Research Students Aaron Chevalier, Jeff Tabor and Laura Lavery
from University of texas used a new biological circuit in the E. coli to sense
light and make black pigment. Each bacterium acts like a pixel on a computer
screen, turning black when growing in the dark part of a projection and staying
clear in the light.
Massachusetts Institute of Technology's annual intercollegiate
Genetically Engineered Machine (iGEM) competition encourages students to build
simple biological machines. "This is a great example of the emergent field of
synthetic biology-using principles of engineering in biology," says Dr. Edward
Marcotte, one of the students' faculty advisers and associate professor of
biochemistry.
The Texas team, including students Alexander Scouras and Eric
Davidson, postdoctoral researcher Matthew Levy, and CSSB researcher Zachary
Booth Simpson, decided that they wanted to use E. coli to create an outline
around a projected light image. But first, they needed E. coli-a standard
workhorse for genetic engineering in the lab-that could sense light.
Left Image is Projected on Bacteria Plate and Right Image is the Resulted
Bacteria Photograph
They found their engineered microbe in the lab of Dr. Chris
Voigt, an assistant professor of pharmaceutical chemistry at the University of
California, San Francisco (UCSF). Voigt and his graduate student Anselm
Levskaya had engineered a strain of E. coli to sense light by adding a light
receptor protein from a photosynthetic blue-green algae to the microbe's cell
surface.
In order for the UCSF scientists to know if the E. coli were
responding to light, they also connected the light receptor to a genetic system
in the bacteria that leads to the digestion of sugars. When light hits the
receptors on the surface of the modified microbes, it turns off a gene that
leads to the production of a sugar-digesting enzyme. So in the dark, the
microbes digest sugar. In the light, they don't.
The Texas students then engineered a biological film-an
agar-filled Petri dish optimized so that the E. coli grow evenly throughout the
dish. Importantly, the film is infused with a special sugar engineered to turn
black when digested. When the bacteria grow in dark parts of the Petri dish,
they digest the sugar and produce black pigment.

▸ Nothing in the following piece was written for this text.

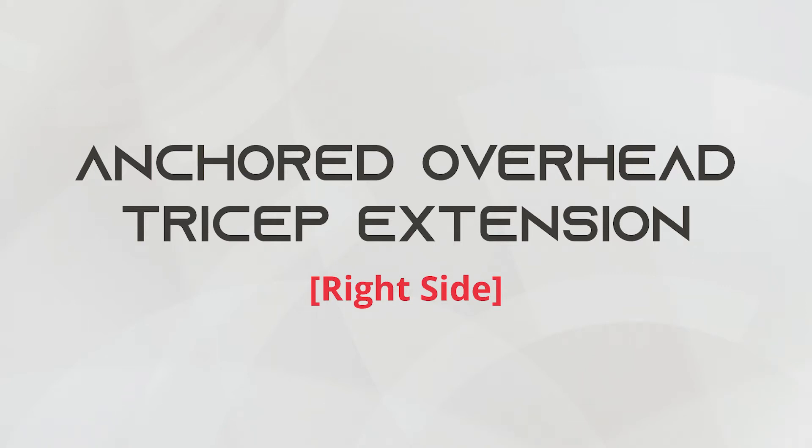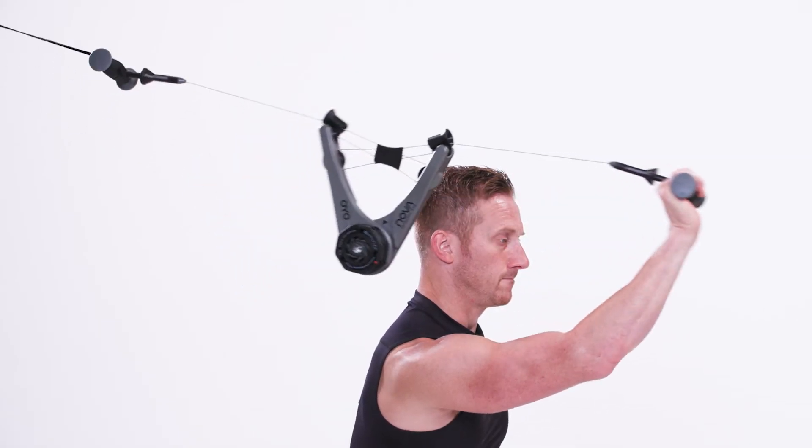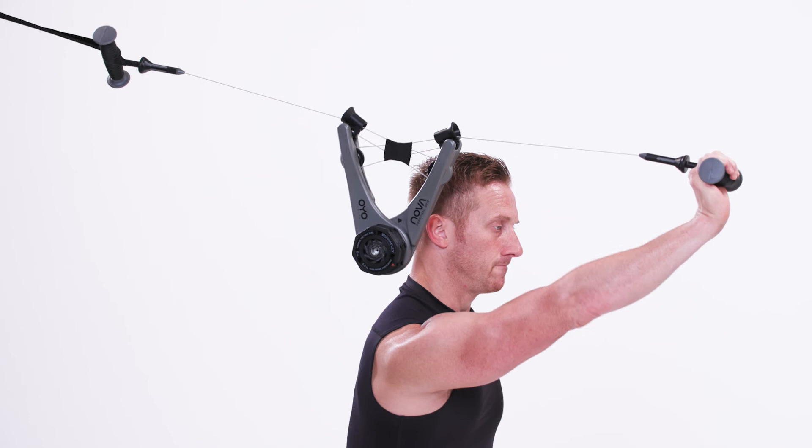This is the anchored overhead tricep extension, right side. Begin by attaching the Nova Gym to a high anchor point. Stand with your back to the anchor point. Hold the end of the Nova Gym with an extended right arm above your head. Bend only at your elbow before extending the arm again.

Those in the light don't
produce the sugar-digesting enzyme and the film remains clear.
Left Image is Projected on Bacteria Plate and Right Image is the Resulted
Bacteria Photograph
Using the same bacterial photography technology, they are
engineering bacteria that will create only the outline of a pattern of light
projected on them, rather than an entire image. They're also creating what they
call "light wires," which uses a Petri dish of E. coli as a circuit board to
conduct biochemical currents. Cells in the dark will propagate the current,
while cells in the light will be repressed.
And they aren't the only ones using the photographic technology.
Marcotte says the photography set-up is now becoming a standard tool for
engineering bacteria to perform new tasks. The students, for their part, have
contributed to the growing field of synthetic biology.
Synthetic biologists like Marcotte and his students and
colleagues at the Center for Systems and Synthetic Biology are harnessing the
power of genetic engineering to build new biological machines-computers that
process information, living systems that manufacture new materials or produce
energy, and bacteria that make and administer drugs. They use genes and
molecules much like engineers use wires and circuit boards.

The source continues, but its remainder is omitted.